COMANO - Il proprietario della “Bottega di Comano” ha inviato una formale diffida alla RAI per riprese effettuate con telecamera nascosta all’interno del suo esercizio commerciale, senza consenso né informazione preventiva. Secondo quanto afferma, la troupe si sarebbe presentata con un pretesto — riprese legate al Carnevale — mentre in realtà avrebbe posto domande mirate sull’ex sindaco e sulla vicenda di Crans-Montana. Il video a cui fa riferimento il commerciante è quello mandato in onda nella prima puntata dello Stato delle cose a cui ha preso parte Filippo Lombardi. Il conduttore, Massimo Giletti, ha lanciato il servizio, girato prevalentemente con telecamera nascosta, affermando che la sua troupe era andata a cercare l'ex sindaco Alex Farinelli. Farinelli che, invitato dalla RSI in qualità di consigliere nazionale, aveva fatto una battuta sull'ambasciatore italiano richiamato a Roma. Del tenore tipo: "Per quanto mi riguarda può restare a Roma a mangiare l'amatriciana".

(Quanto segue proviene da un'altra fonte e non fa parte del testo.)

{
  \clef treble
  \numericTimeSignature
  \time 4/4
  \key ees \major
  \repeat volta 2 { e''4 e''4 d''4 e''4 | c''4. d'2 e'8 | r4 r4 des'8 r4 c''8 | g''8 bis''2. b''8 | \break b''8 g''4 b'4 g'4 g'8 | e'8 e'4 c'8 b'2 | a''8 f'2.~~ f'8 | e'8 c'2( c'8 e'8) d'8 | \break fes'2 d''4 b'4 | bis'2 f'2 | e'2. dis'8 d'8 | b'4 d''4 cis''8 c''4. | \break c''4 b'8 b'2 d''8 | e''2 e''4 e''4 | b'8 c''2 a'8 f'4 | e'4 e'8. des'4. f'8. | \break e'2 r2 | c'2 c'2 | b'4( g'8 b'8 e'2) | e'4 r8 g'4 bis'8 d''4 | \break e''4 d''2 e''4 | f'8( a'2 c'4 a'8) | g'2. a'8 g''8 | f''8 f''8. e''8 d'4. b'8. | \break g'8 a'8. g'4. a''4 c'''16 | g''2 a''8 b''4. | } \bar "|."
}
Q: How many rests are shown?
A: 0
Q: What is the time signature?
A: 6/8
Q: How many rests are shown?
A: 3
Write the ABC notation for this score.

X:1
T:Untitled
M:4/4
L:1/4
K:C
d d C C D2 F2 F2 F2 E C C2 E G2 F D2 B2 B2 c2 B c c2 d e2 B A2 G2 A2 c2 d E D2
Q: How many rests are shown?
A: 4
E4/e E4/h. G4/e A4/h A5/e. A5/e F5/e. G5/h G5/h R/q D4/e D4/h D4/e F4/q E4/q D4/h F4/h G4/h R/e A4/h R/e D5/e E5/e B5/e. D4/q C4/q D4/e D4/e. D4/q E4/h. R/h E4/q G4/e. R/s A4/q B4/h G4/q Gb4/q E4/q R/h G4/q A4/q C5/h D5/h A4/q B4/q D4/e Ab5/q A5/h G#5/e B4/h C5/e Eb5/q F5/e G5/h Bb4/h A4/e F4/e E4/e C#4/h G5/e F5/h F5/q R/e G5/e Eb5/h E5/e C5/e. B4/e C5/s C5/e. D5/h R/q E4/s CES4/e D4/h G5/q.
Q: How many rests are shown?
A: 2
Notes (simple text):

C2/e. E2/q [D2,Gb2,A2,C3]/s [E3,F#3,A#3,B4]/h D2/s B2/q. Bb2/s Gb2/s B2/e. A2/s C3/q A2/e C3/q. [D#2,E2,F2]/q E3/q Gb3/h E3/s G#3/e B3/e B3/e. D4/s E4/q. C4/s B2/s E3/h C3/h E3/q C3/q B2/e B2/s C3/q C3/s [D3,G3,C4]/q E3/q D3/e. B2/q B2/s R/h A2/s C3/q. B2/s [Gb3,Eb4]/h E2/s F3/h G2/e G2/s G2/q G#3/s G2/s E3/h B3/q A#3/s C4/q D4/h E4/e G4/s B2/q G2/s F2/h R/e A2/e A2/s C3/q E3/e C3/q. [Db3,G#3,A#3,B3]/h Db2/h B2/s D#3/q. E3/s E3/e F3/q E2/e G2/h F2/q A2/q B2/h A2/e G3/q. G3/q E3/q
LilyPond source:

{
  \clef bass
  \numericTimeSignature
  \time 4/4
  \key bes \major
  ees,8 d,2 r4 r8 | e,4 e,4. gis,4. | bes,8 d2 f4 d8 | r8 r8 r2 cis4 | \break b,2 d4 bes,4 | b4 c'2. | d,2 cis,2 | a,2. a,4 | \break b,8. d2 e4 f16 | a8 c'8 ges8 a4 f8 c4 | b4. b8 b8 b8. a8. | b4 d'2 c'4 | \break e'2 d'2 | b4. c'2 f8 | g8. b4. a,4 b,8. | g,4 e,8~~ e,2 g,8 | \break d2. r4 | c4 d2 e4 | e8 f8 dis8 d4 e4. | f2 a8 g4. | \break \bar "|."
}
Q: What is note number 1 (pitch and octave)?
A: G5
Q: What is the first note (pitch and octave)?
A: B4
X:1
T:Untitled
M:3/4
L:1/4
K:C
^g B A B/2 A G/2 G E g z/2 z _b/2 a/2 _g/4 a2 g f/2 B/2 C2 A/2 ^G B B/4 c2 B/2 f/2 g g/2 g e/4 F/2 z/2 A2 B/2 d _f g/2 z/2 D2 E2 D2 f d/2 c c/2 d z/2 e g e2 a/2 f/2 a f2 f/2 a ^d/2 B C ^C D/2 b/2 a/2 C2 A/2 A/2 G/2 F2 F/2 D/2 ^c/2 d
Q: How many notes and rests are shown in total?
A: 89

Nelle immagini girate dalla RAI, stando alla diffida, sarebbe riconoscibile anche la moglie del commerciante. Dopo la messa in onda, alcuni clienti avrebbero identificato il locale e formulato commenti allusivi e, a suo dire, discriminatori, con riferimento alla sua nazionalità italiana. Il proprietario ritiene la condotta illecita, lesiva della sua reputazione e in violazione della normativa sulla privacy e dei principi deontologici giornalistici.
Con la diffida chiede che il materiale non venga trasmesso o ulteriormente diffuso, che sia cancellato definitivamente e che gli venga fornita conferma scritta dell’avvenuta cancellazione, riservandosi in caso contrario di agire per il risarcimento dei danni.